Why are you confident in Obama's victory?

I expected Kerry to lose. My optimism for Obama is only slightly better, but slightly better is enough to put him over the top.

At Leaper’s invitation, I’ll add my $0.02 for a decisive Obama victory.

Here’s my thinking from last February, in a nutshell, once I realized that Obama was going to be unstoppable in the race for the nomination:

The typical “built-in” negatives for a Democrat, post [Bill] Clinton and post 9/11 (“less moral/upright/trustworthy”, “tax and spend”, “weak on national security”), are less in play this time due to the rather pronounced public dissatisfaction with Bush, with the Iraq occupation, and with the Republican party as a whole. The right wing is going out of favor, and consequently the right wing driven (and largely right wing created) memes are losing their appeal as well.

Combine this with Obama’s enormous natural positives, his candor and the “change” narrative he’s been extraordinarily adept at maintaining, and with the entire Republican field’s attempt to “out-Bush” each other in their primary performances (with the notable exception of Ron Paul), and it’s a pretty clear win for the Dems.

With the early presumption of McCain as the Republican nominee, none of the vulnerabilities go away for the Red team, and really, John McCain is even less substantial as a candidate than most of the other applicants - and they were uniformly bad, IMO. (Note that the Republicans have other nationally known figures with enough stature and appeal to have been formidable, who did not choose to run.
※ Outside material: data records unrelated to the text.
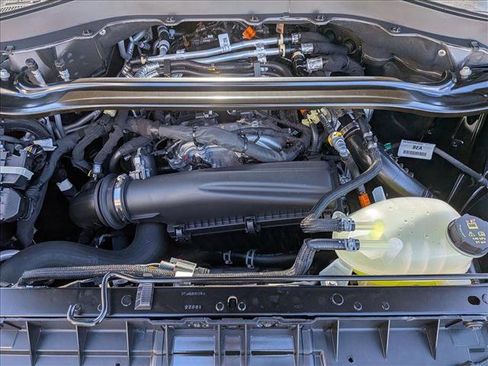 Used 2025 Ford Explorer ST-Line image 25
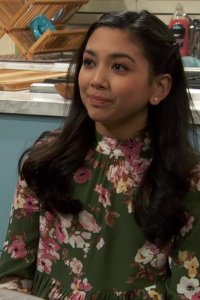 Sydney to the Max – S02E12 – What’s My Grade Again?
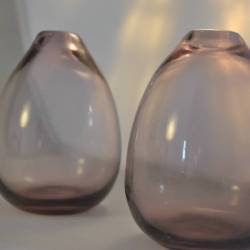 3 vaasjes, lichtpaars glas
Colin Powell or Tom Ridge might both have been better candidates than Romney, Huckabee, Guiliani or McCain.)

McCain’s two iconic virtues - “maverick” and “POW” - are both being wittled away even before the conventions. The first is being assaulted by Obama’s gang (and now even the Traditional Media are joining in), and the second is just being squandered by McCain’s own campaign team as an all-purpose answer to any and all criticisms or questions.

This is not going to be shooting fish in a barrel for Obama, but I believe the national context combined with his outstanding grassroots organization (he’s outspent the Republicans by a factor of 10 to 1 in setting up local offices!) have to result in a clear victory at the polls.

Barring an alien invasion or a vengeful Neocon God, this election goes Blue persuasively.

How well’s that been working the last few weeks?

You should be specific in your questions. This will help you get useful replies.

I’m pretty sure you’re going for something like “daily tracking polls show McCain’s negative attacks are working”. But the question itself shows a fundamental misapprehension. “[T]he last few weeks” represent a blip in an overall trend which is not important in and of itself. The Obama narrative has taken hold; it’s only assailable by a stronger narrative.

While I grant you that appeals to xenophobia and charges of elitism are tried and true political weapons, these attack ads have not shown any legs so far, and won’t unless Obama begins feeding into them, as Kerry did in '04 with his inability to speak straight or defend himself, and as Gore did in 2000 by validating the right wing excoriation of Clinton by choosing “Holy Joe” Lieberman as his running mate.

You cannot know what’s a blip and what’s a trend until much later. You have no basis for such an abrupt dismissal of any concerns over what the data indicates.

The rest of your statement is about what you think *should *happen, not what *will *happen, and it actually flies in the face of what is happening. A little less handwaving and a lot more actual work would help the cause far more.

I would say things are as they should be for this point in this election, wait and see what happens to Obamas numbers after the convention. If you think his numbers will fall, you might be in for a surprise. Biden is the perfect ‘bulldog’ to go after McCain. Let Obama keep doing what he’s doing, building his policies announcing his intentions in real terms and playing it straight. I’ll look at poll numbers seriously in late September.

Elvis, you can accuse me of “handwaving” all you want, but being as there’s really very little change in the overall polling, it’s still summer and we haven’t had either national convention, and the polls don’t even attempt to predict voter turnout, I don’t see any reason to think the sky’s falling quite yet.

Your mileage quite obviously varies from mine. We’ll see who called it right in November.

Going with what the data says instead of arguing against it is not simply “varying mileage”. :dubious:

You can certainly *hope *that things turn out all right, be my guest, but that should never be a source of actual confidence.

Ouch - but aren’t hope and confidence fundamentally linked?

Nope. Confidence is derived from fact, hope is in spite of fact. It’s very easy to confuse them in oneself, certainly, just as it is easy for a religious zealot to mistake his own faith for knowledge.

Hard work beats them both, as well as a lot of other things. And, remember the truism, often cited against Bush’s approach to Iraq as well as in many other cases: Hope is not a strategy.